A key point Sager underlines is the importance of academic philosophy, as distinct from sociology or economics, in the development of a Canadian intellectual concern with inequality. Echoing Leslie Armour and A. B. McKillop’s insistence on the uniquely long-standing tradition of idealism among Canada’s academic philosophers, Sager shows that the heyday of denunciations of equality was the early 20th century, well before statistics showing percentages of income were available for Canada. John Porter’s The Vertical Mosaic appeared later, during the mid-century “great compression,” when the income gap had narrowed, but it too drew ultimately on philosophy (specifically the “new liberalism” of T. H. Green and L. T. Hobhouse, as shown in Rick Helmes-Hayes’s biography of Porter) and, though it used statistics, these were drawn from income tax records, not from the Dominion Bureau of Statistics – which at the time was still keen to “seal their observations in a value-free box.” (283) The upshot is that philosophical condemnation of inequality and data on inequality developed separately and collided rarely; the idea of inequality emerged out of particular social conditions at different times, but none of these instances built on any others, so each iteration of inequality started from scratch, and then disappeared.

Among the many questions the book raises for sympathetic scholars who study inequality for political reasons, I will mention two. The first of these concerns method. Sager alludes to socialism occasionally throughout the book, but these references are comparative, with great care taken to understand the non-socialist side only. In doing this, Sager seems to be suggesting that inequality is a tradition of sorts, an alternative to class conflict. It could be argued, though, that class conflict is one way to conceptualize inequality. Such an approach would have demanded more engagement with socialism as a body of thought and activism operating historically in the same or similar conditions, but also as one of the influences Canadians drew upon, without thinking too much about it, to explain and condemn inequality.

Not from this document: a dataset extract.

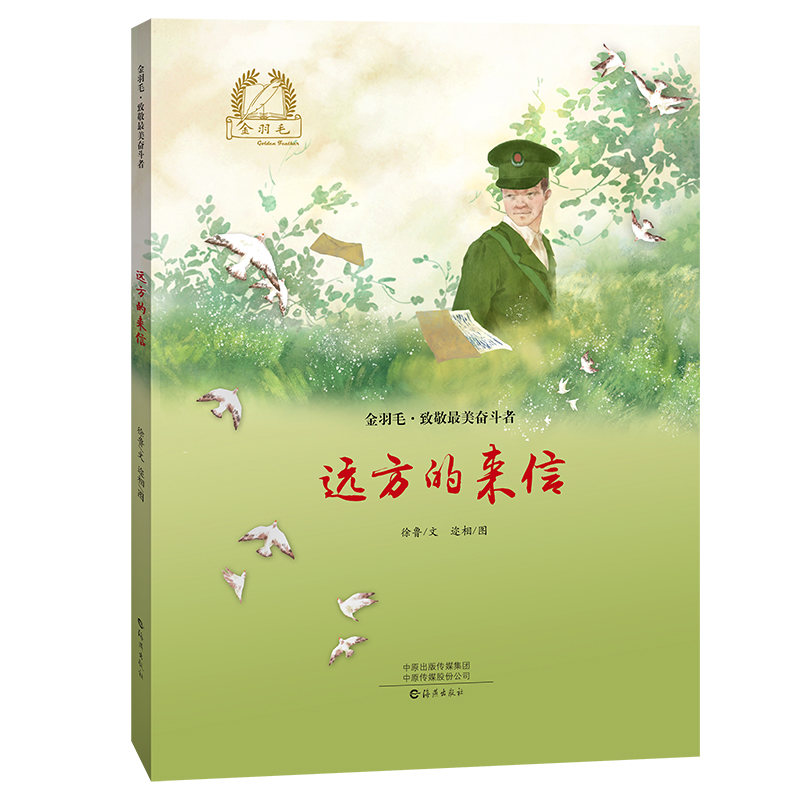 ����ë���¾������^���� �h(yu��n)���ā�(l��i)��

The other point is about rhetoric and strategy. Sager repeatedly underlines the ultimate failure of the idea of the 99% versus the 1% to serve as the basis of a truly transformative movement in the early 2010s. He concludes that income inequality cannot be the basis of a political movement, but that it would take a disastrous threat to humanity (viral or environmental, perhaps) to force a reckoning with the inhumanity of inequality. It should be noted, though, that the Occupy protests didn’t fizzle out on their own, simply victims of fuzzy thinking. They were attacked by police, in locations across the United States and Canada, and dispersed by force. In Canada especially, the failure to inspire the 99 per cent was in large part a failure by the New Democratic Party, in the federal election of 2015 and beyond, to coherently communicate a position to the left of the Liberals on income inequality and income redistribution. Fuzzy or fiery, rhetoric needs political power, and the desire to use it.